Wiolcia 78.Moj synek już zapisany do Abbey, po prostu to było najbliżej i jeszcze jedno.Przedszkole to tylko 2.5 godziny to w sumie nie dużo.Byłam tam na dniach otwartych i bardzo mu się podobało.Jeśli chodzi o szkołe to będe myśleć potem.Ciekawa tylko jestem czy ktoś dał tam dziecko.O lorne st primary słyszałam o st Marys słyszałam na east london.

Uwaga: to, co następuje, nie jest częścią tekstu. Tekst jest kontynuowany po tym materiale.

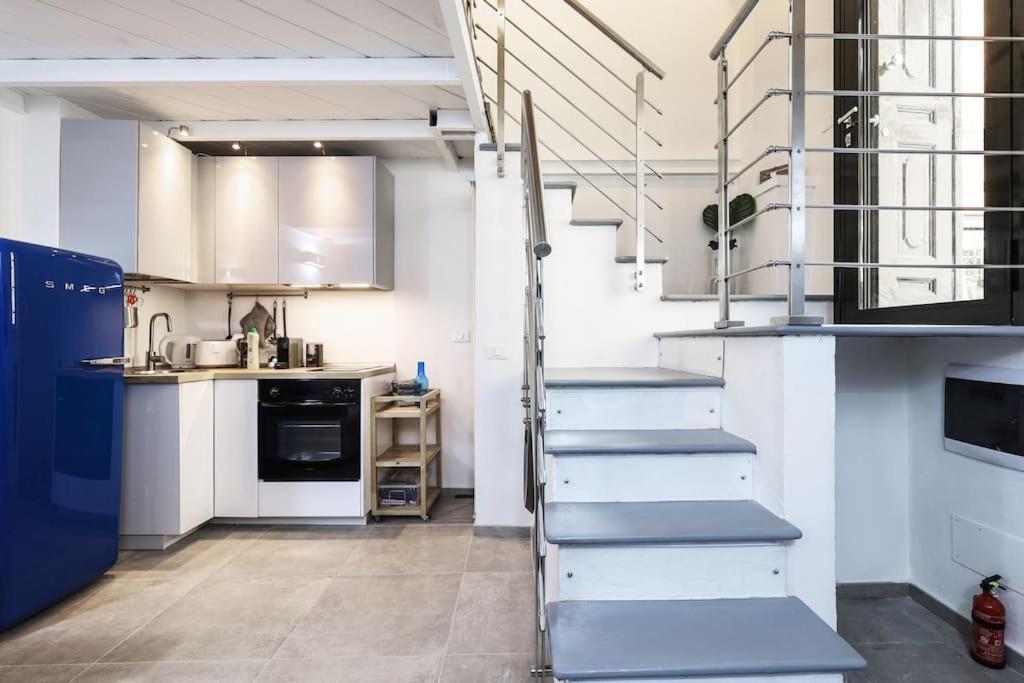 Cozy Loft Navigli, Close To Duomo And Bocconi - Italy Flat Vacation Milánó Kültér fotó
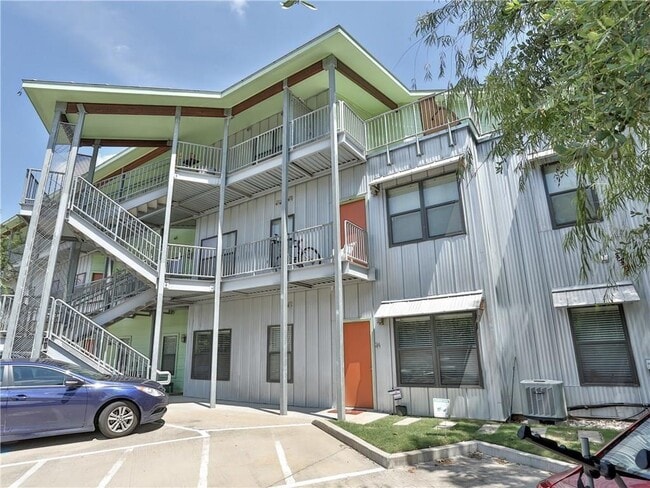 Building Photo - 1807 Poquito St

Witam was kochane mamusie duzych i malych dzieciaczkow:) Mam problem , moja 4-letnia corka wlasnie zaczela przedszkole,ale nie chce w nim zostawac beze mnie ...Probowalam dociec problemu dlaczego tak sie dzieje , ale ona sama nie wie dlaczego nie chce tam zostac,wydaje mi sie ze jest to po prostu z przyzwyczajenia , bo mala do tej pory byla caly czas za mna.Pytlam tez czyto moze jest przyczyna tego ze nie rozumie co mowia ( bo nie zna angielskiego ), ale ona twierdzi ze to nie to . Probowalam tlumaczyc ze nic jej sie tam nie stanie i ze jej tam nie zostawie tylko przyjde za jakis czas jak juz pobawi sie z dziecmi, ale to i tak nic nie dalo. W domiu mowi ze zostanie jutro sama ,a jak jestesmy w przedszkolu to znowu zaczyna sie to samo ,placz i histeria. Co robic??? Czy ktoras z was miala taki problem i wiaki sposob go rozwiazala, prosze o jakiekolwiek rady. Z gory serdecznie dziekuje.